Isn’t it nice to play in a conference with real teams again?

Ian Bethune/The UConn Blog

One of the best things about UConn moving back to the Big East is the competition level. Gone are the days of sub-200 KenPom conference opponents, and lying in their stead is a conference that bottoms out at Georgetown and DePaul, the former of which has a Hall of Famer with recruiting ability at head coach, and the latter of which will send a player to the NBA Draft this year. That’s the worst the Big East gets. I’m downright giddy.

Of course, that increase in conference prestige brings with it a tier of opponent that can be described as “contenders” instead of “loses in the second round every year.” Two of the past four national championships have been won by a Big East team, and the conference allows for far more upward mobility than, say, certain Power Six leagues do.

This is all to say that when you describe a Big East team as a contender, that’s not just for first place in the conference, it means they could theoretically go all the way. These teams are the ones most likely to compete for that title.

Villanova

Jay Wright’s squad has turned into a national juggernaut since UConn was last in the Big East, winning a pair of national titles with (for the most part) different core players, and remain one of the country’s most promising teams. Losing only one key contributor in Saadiq Bey, the Wildcats are poised to have a top-10 ranking all season long if everything breaks right for them. Four double-digit scorers return, so the roster retains both chemistry and production this season. As always with Wright’s teams, they’ll have both an offense and defense by committee, spreading the ball around and entrusting the entire team to buy in to the defensive system, so they’re less reliant on a single player making the jump from contributor to leader. Colin Gillespie is an efficient point guard who doesn’t need to be the primary point of attack, Justin Moore is the shooter, Jermaine Samuels is the “Villanova four,” a forward hybrid with size who can also put the ball on the floor, and Jeremiah Robinson-Earl is the prospect with big potential who holds down the center position but can pop out to shoot as well. This is one of the easiest teams in the country to predict. They’re gonna be real good.

The Wildcats have lived up to expectations so far, defeating two ranked teams in Arizona State and Texas, which may be the best win any team has so far. They did drop one overtime loss to Virginia Tech, but the offense is as potent as ever and their odds of winning the conference title have seemed to have only increased since the season began. They sit at 6-1 as of today.

Creighton

The Bluejays snuck up on teams last year to finish the abbreviated season ranked No. 7 in the AP poll, and the team full of shooters may be able to repeat that performance even with Ty-Shon Alexander going to the NBA. There’s no new team philosophy here, as Creighton is annually built around their perimeter offense, and the roster seems perfectly capable of playing up to Greg McDermott’s expectations. Marcus Zegarowski should be considered the favorite to win conference Player of the Year honors, and Mitch Ballock is just as impressive with the ball in his hands. Defense is going to be a major question, as Creighton is a smaller team without either a perimeter stopper or a standout rim protector. Christian Bishop looked solid playing up a position for most of last season, but they’ll need help from 7-foot freshman Ryan Kalkbrenner if they want to avoid repeating the league’s worst mark in offensive rebounds allowed.

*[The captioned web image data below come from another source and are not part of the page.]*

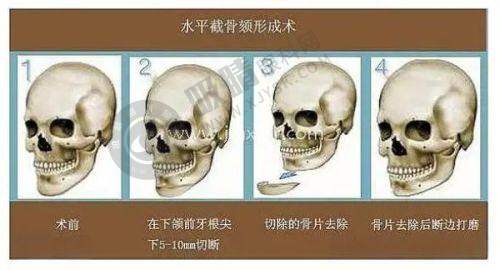 [长沙丽臻医疗美容门诊部]预约挂号方式及流程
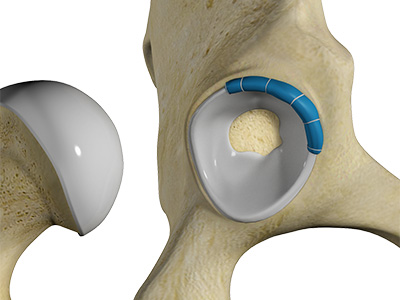 Hip Labral Reconstruction - Educational Picture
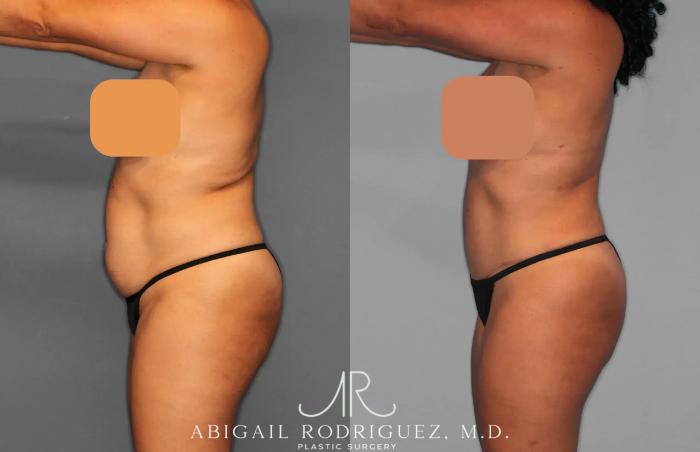 Before & After Tummy Tuck Case 259134 View 2 View in Houston, TX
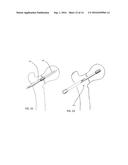 BONE FIXATION SCREW AND METHOD diagram and image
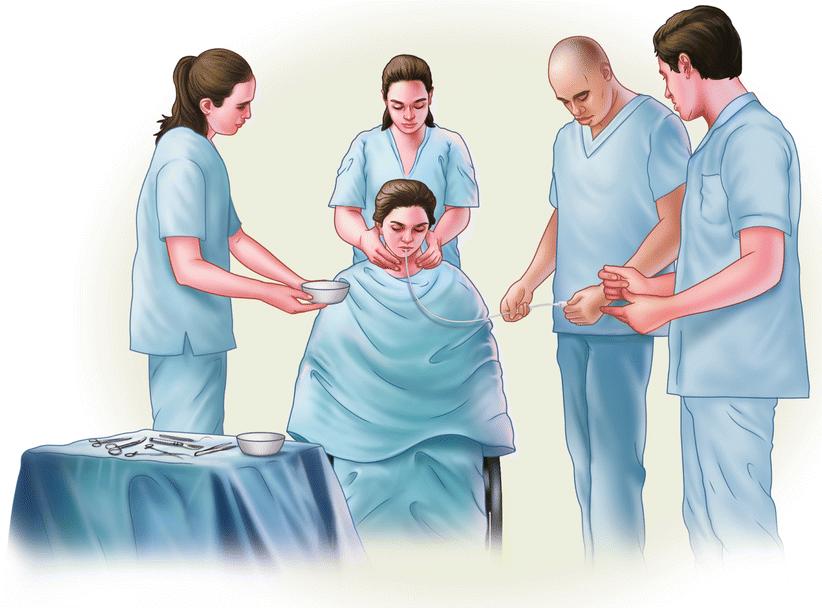 “*眠药安**自杀”没有痛苦？吞下100片*眠药安**后，你的身体会怎么样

Creighton’s season has not had many surprises so far, getting a close win against decent mid-major North Dakota State, before crushing two weak opponents. The one-point loss at Kansas may have been a disappointment to the Bluejays, but playing a tough opponent that closely on the road should be seen as a very good sign. Creighton is 5-2 heading into their matchup against UConn on Sunday afternoon.

Providence

That’s right, Providence! Advanced metrics aside, there’s a reason the Friars finished third in the preseason poll, and it’s because of the upside this roster has, even if they have a ways to go in proving it. Providence has more roster turnover than any other team in this tier, but lead guard David Duke has a lot of potential and could provide enough of an offensive spark to carry the team to the conference title. A.J. Reeves and Syracuse transfer Brycen Goodine may outperform expectations as well, and one of them making the leap could take Providence over the top. Ed Cooley’s Providence teams have been steady but unspectacular, and this might be his best chance yet of winning the Big East.

The Friars haven’t quite clicked just yet, but this was always going to happen; they’re a young team and needed some games to work out the kinks before conference play. They’ve taken care of business against weaker opponents but two games against major-conference competition in Indiana and Alabama resulted in big losses. There’s still a chance they put it all together in about a month or so, but their play so far hasn’t befitted their third-place finish in the Big East preseason poll. Providence is currently 5-2 to start the season.

UConn

Well, we couldn’t just leave them out, could we? The Huskies do have the making of a conference contender, checking off several boxes a team needs in order to win. There’s returning NBA talent in James Bouknight and Akok Akok, veteran leadership in Isaiah Whaley, plenty of incoming talent to keep the rotations fresh, a deep bench, and a sure-thing scorer in R.J. Cole. The question marks are whether Akok and Tyler Polley fully recover from their injuries in enough time to make an impact on the Big East standings, and who leads the perimeter defense after Christian Vital’s graduation. Dan Hurley’s squad has the depth to be optimistic about the former, but the latter may not be answered until near the end of the season. The influx of freshman talent allows for a lot of volatility though— if just one of Andre Jackson, Adama Sanogo, or Richie Springs can break out, the Huskies will be in good shape.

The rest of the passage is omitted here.